Sunday, March 02, 2008

Sarko Killing Franco-German Alliance

By Cernig

For years, the strongest element in European politics has been a deep co-operation between France and germany on the direction of the EU, as both worked together to strengthen the Euro, common policies and common economics. But it looks like Sarkozy has other ideas.
To cancel one high-level Franco-German meeting is unfortunate. To cancel two in less than a week implies a bank of freezing fog is descending over the Rhine.

French and German officials sought yesterday to play down the significance of the abrupt postponement – both by Paris – of two meetings between the countries' most senior politicians.

Privately, and not so privately, the talk in both capitals is of a serious rift in the single most important national partnership in Europe. Officials blame an increasingly difficult relationship between President Nicolas Sarkozy and Chancellor Angela Merkel.

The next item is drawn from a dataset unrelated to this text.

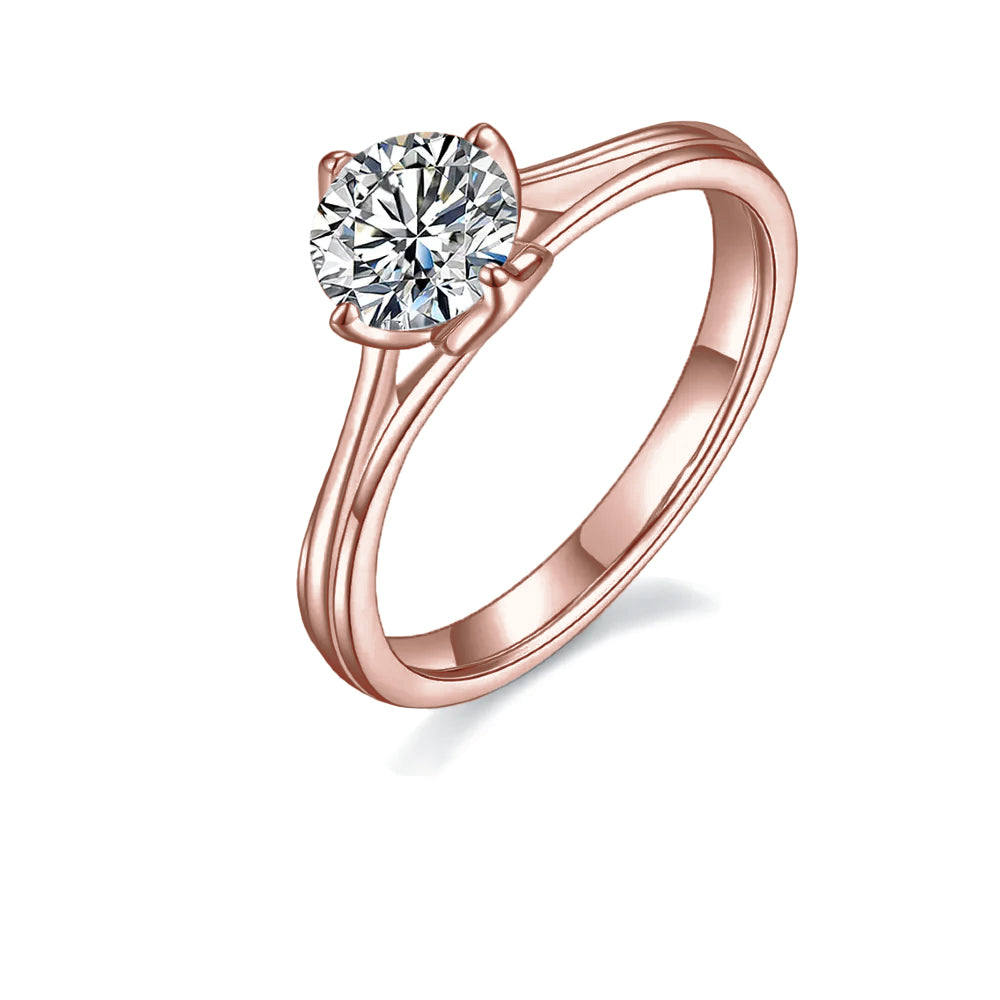 Tulip Solitaire 1.00ct Moissanite Engagement Ring Set in Sterling Silver - Winter Sale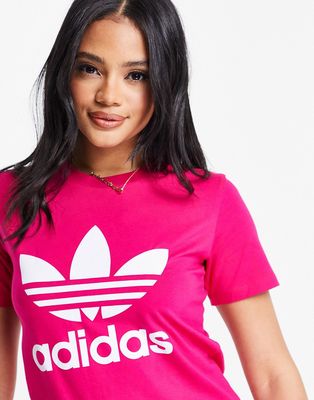 adidas Originals adicolor large logo t-shirt in bold pink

With France scheduled to take the presidency of the European Union in July, the Franco-German tiff could not be timed worse.

...At the heart of the quarrel – not yet an overt crisis – is the strained relationship between the two leaders.

German officials say that the hyperactive and boastful behaviour of the French President – and his over-familiar personal style – has irritated Ms Merkel. French officials suggest M. Sarkozy finds Ms Merkel too cautious and too ponderous. French diplomats also complain that M. Sarkozy – in his determination to shake up all aspects of French government – wants to play down the Paris-Berlin relationship that has been the bedrock of France's domestic and European policy for half a century. "For Sarkozy, the West very much means UK and the US," one French source said.
Whereas Merkel's initial love affair with the Bush administration seemed to disappear after one infamous occasion when Dubya got overly-familiar.

The answer for Germany, it seems to me, is to somehow arrange for Bush and Sarkozy's new supermodel wife to be in the same room together and wait for the inevitable diplomatic incident.